Using this approach seems to keep everything sync'd together well. I have also used the "server" computer as the NTP server for the system and that can also work OK. THe biggest challenge is that CPU load and environmental temperature both influence the clock rate, and because of the stream load on the LAN port of the server there is much more jitter in the responses to NTP queries. So while that approach is workable the overall jitter is higher, and wander is much higher because of the influence of temperature. Using a GPS based NTP server is best, because temperature is not a factor for it. There is still the possibility to suddenly heat or cool a client which will make its jitter increase temporarily. But mostly this is because I use the boards without any case, so the SOC is just sitting right there in the air...

I've been using this approach for a year or two and I am very happy with it.
 
Last edited:
Charlie, thanks for the details with numbers. I am not saying the streaming does not work (it does as your system proves), I just wanted to clarify the source of the USB clock.

I also use the gstreamer element audiorate. This inserts blank samples or removes extraneous samples from the as-received stream on each client to maintain a constant sample rate. This is important because without it, if/when streamed packets are dropped they are just eliminated and the stream "speeds up".

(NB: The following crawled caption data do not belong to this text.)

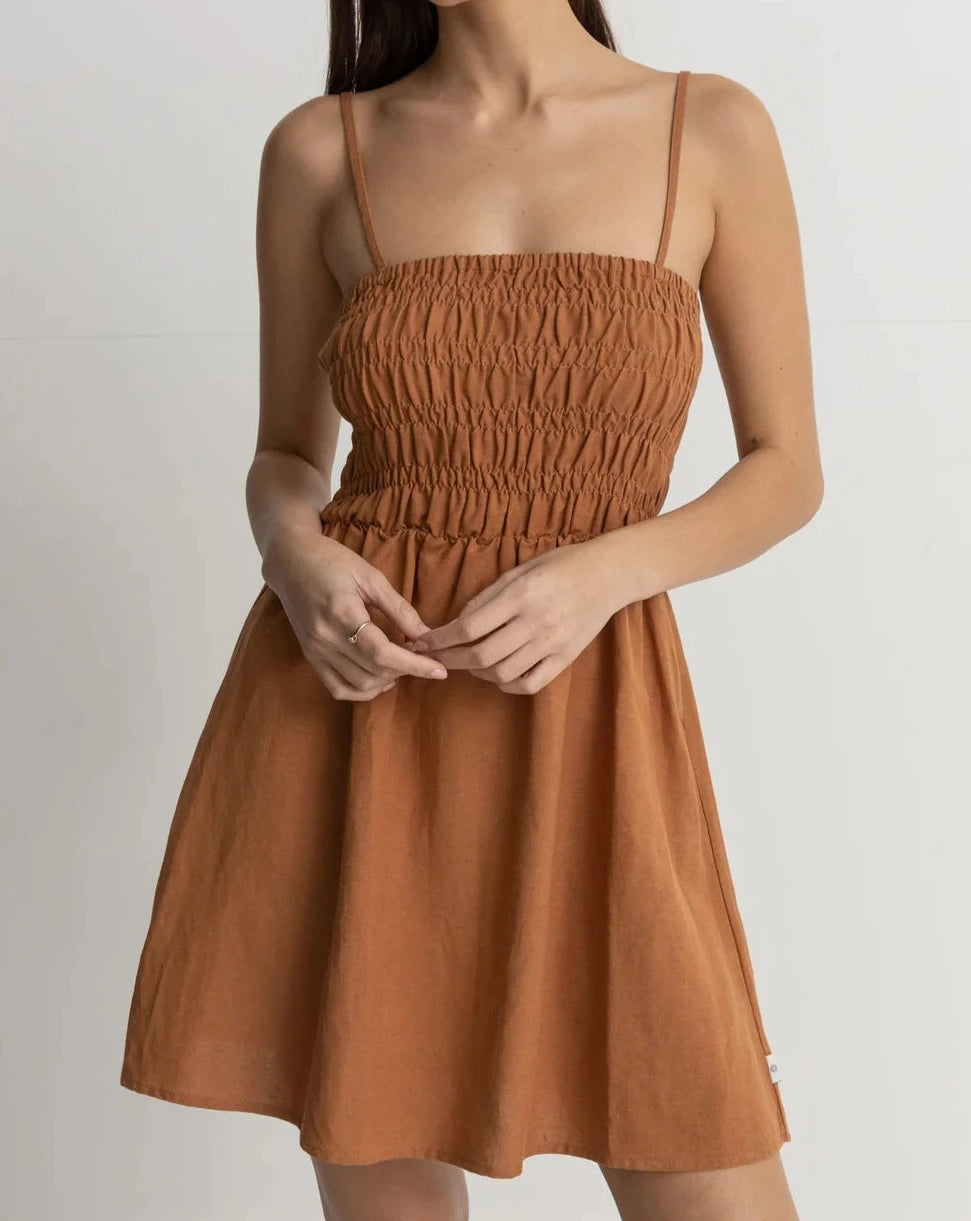 Shirred Mini Dress in Caramel Chic Pleated Mini Dress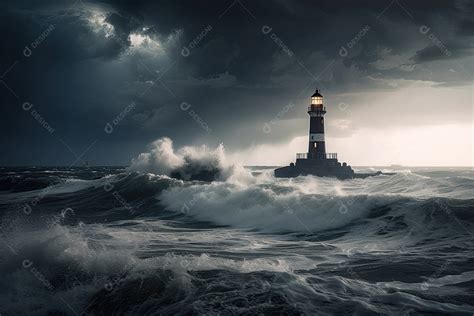 Tempestade Do Mar Nuvens Escuras Raio Farol Solit Rio Ondas Agitadas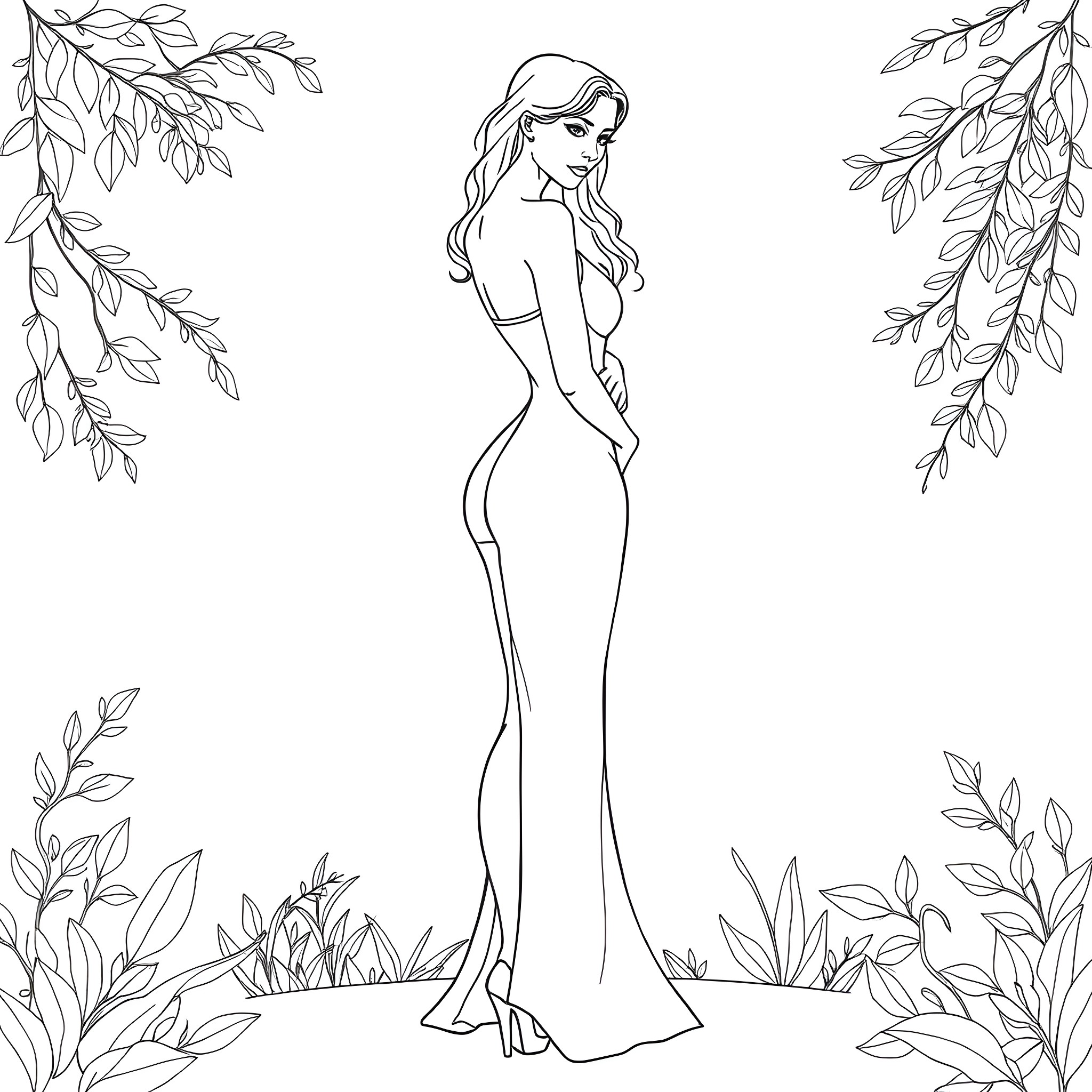 Woman in elegant dress in nature setting Coloring Page (free black-and-white line drawing printable PDF for all, from beginners to advanced learners, including children, teens, adults, and seniors)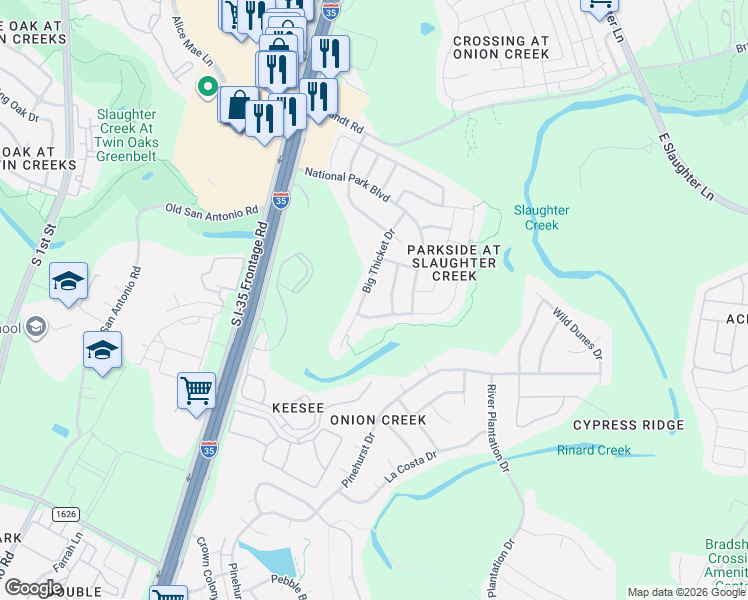 map of restaurants, bars, coffee shops, grocery stores, and more near 10412 Yellowstone Drive in Austin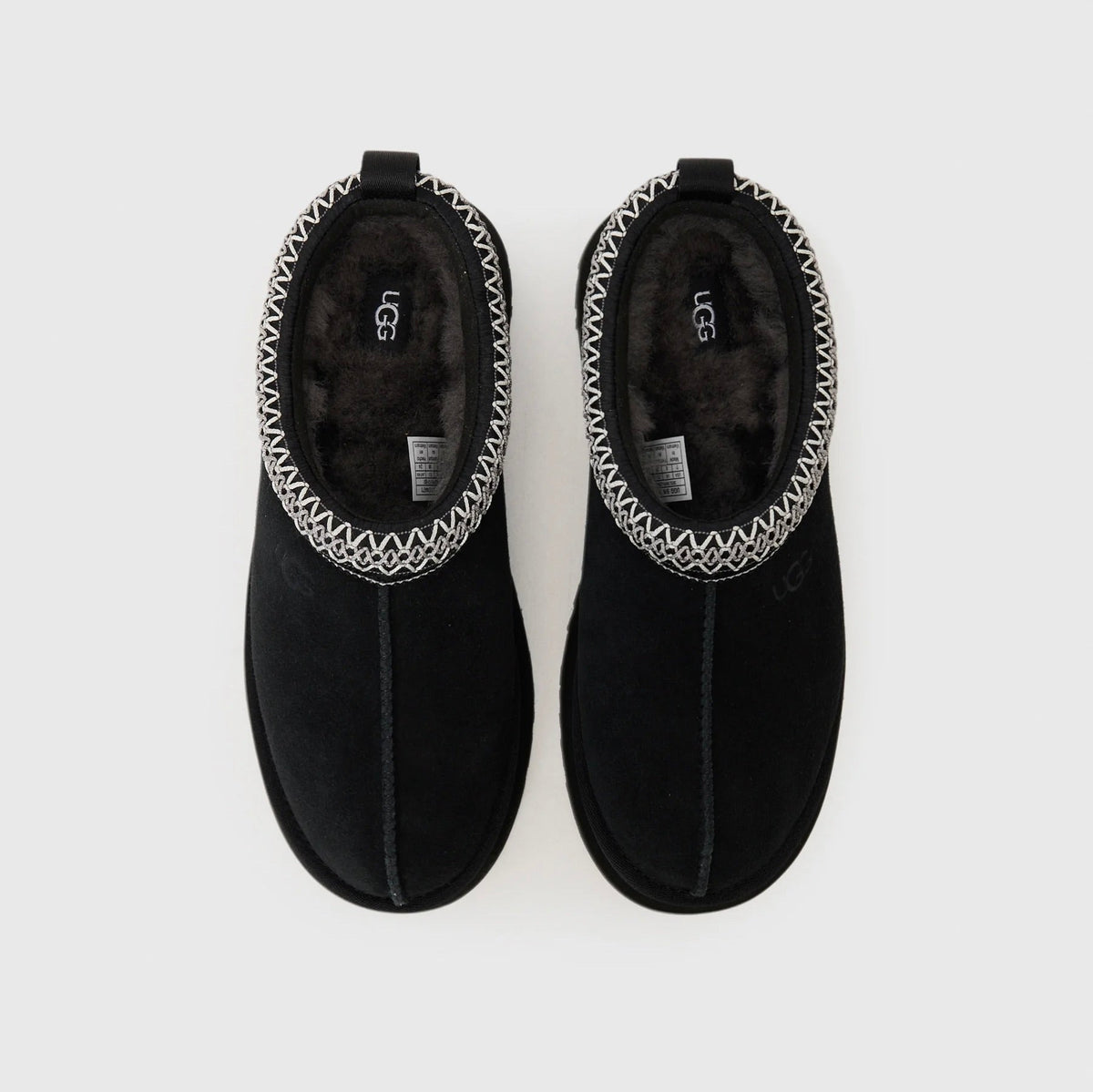 UGG Tazz II Black ciabatte platform donna in pelle scamosciata e montone nero, vista posteriore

Yes. that is the key synchronization element.

I am not exactly sure how it derives the clock, but it is from the USB bus clock, which I believe is coming from the system clock and is therefore synchronized to other clocks throughout my audio network.

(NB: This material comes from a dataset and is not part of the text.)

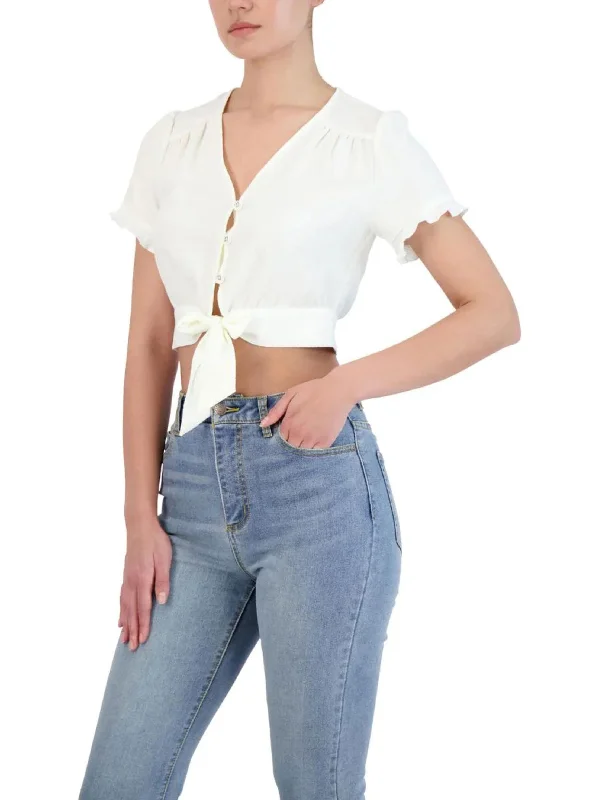 Women's Button Closure Crop Casual Top,Off White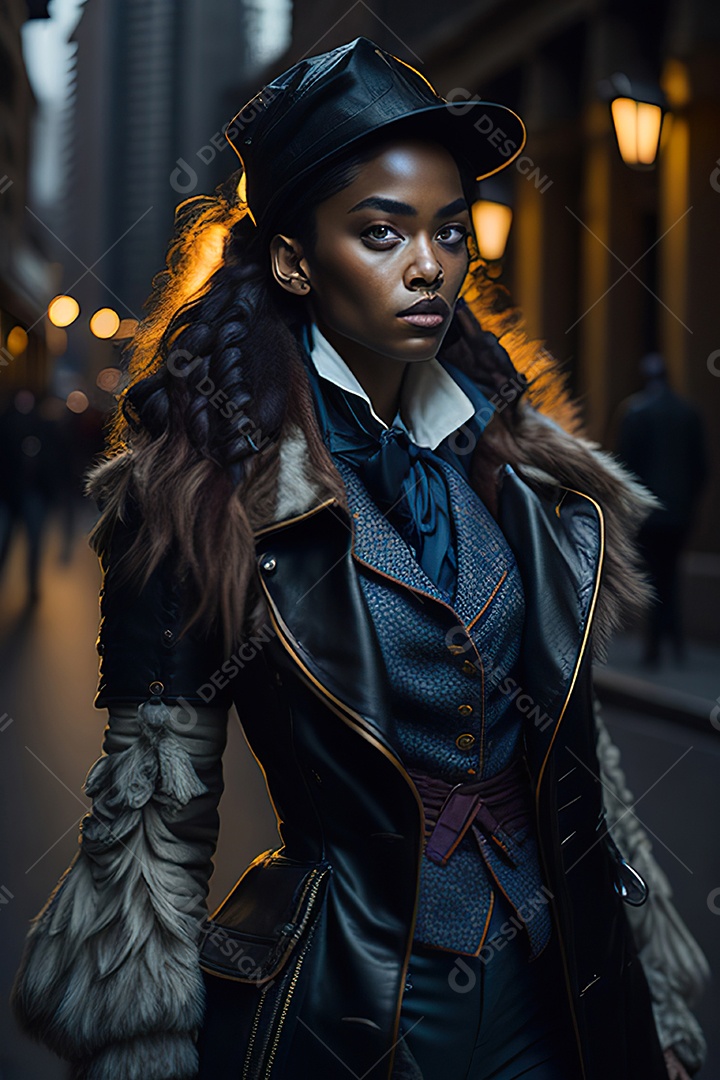 Mulher jovem linda andando sobre rua.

The USB bus is clocked by hardware oscillator in your chipset/SoC. It is unrelated to the "system clock" - that is purely software abstraction, running on CPU + likely some HPET to time the "ticks". But since your chain does the above described synchronization between required timing (time marks in the RTP stream + precisely synchronized system clock) and real playback (USB controller's internal hardware clock) the system experiences no buffer under/overruns.

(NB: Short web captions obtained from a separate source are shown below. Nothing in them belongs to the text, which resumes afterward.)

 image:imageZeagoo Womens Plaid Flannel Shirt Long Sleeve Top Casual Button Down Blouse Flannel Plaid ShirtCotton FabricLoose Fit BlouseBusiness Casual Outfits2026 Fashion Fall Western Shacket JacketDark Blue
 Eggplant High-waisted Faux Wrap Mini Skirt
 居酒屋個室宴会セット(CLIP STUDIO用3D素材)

It is just important to note the playback is not 100% bitperfect but IMO that is no problem at all, it would be inaudible in PCM stream. A non-PCM stream would be a problem (DD, DTS) but it is not used in this scenario.

I've been using this approach for a year or two and I am very happy with it.

Great job, your work has helped a lot to many others.
 
Charlie, thanks for the details with numbers. I am not saying the streaming does not work (it does as your system proves), I just wanted to clarify the source of the USB clock.



Yes. that is the key synchronization element.



The USB bus is clocked by hardware oscillator in your chipset/SoC. It is unrelated to the "system clock" - that is purely software abstraction, running on CPU + likely some HPET to time the "ticks". But since your chain does the above described synchronization between required timing (time marks in the RTP stream + precisely synchronized system clock) and real playback (USB controller's internal hardware clock) the system experiences no buffer under/overruns.

It is just important to note the playback is not 100% bitperfect but IMO that is no problem at all, it would be inaudible in PCM stream. A non-PCM stream would be a problem (DD, DTS) but it is not used in this scenario.



Great job, your work has helped a lot to many others.

Thanks for clarifying the clock source for the USB! I did not realize there was a separate source for that. So I will have to rethink WHY it seems to work (e.g. different systems maintain synchrony).

I am still working on the bash script, making small changes and improvements here and there. I will eventually release an update.
 
It works because the gstreamer plugin performs asynchronous reclocking (adding/removing samples
as needed) between the incoming stream timed by the synchronized system clock and the output DAC clock (USB controller clock). Very likely it would work for asynchronous usb dac too (clock by the DAC).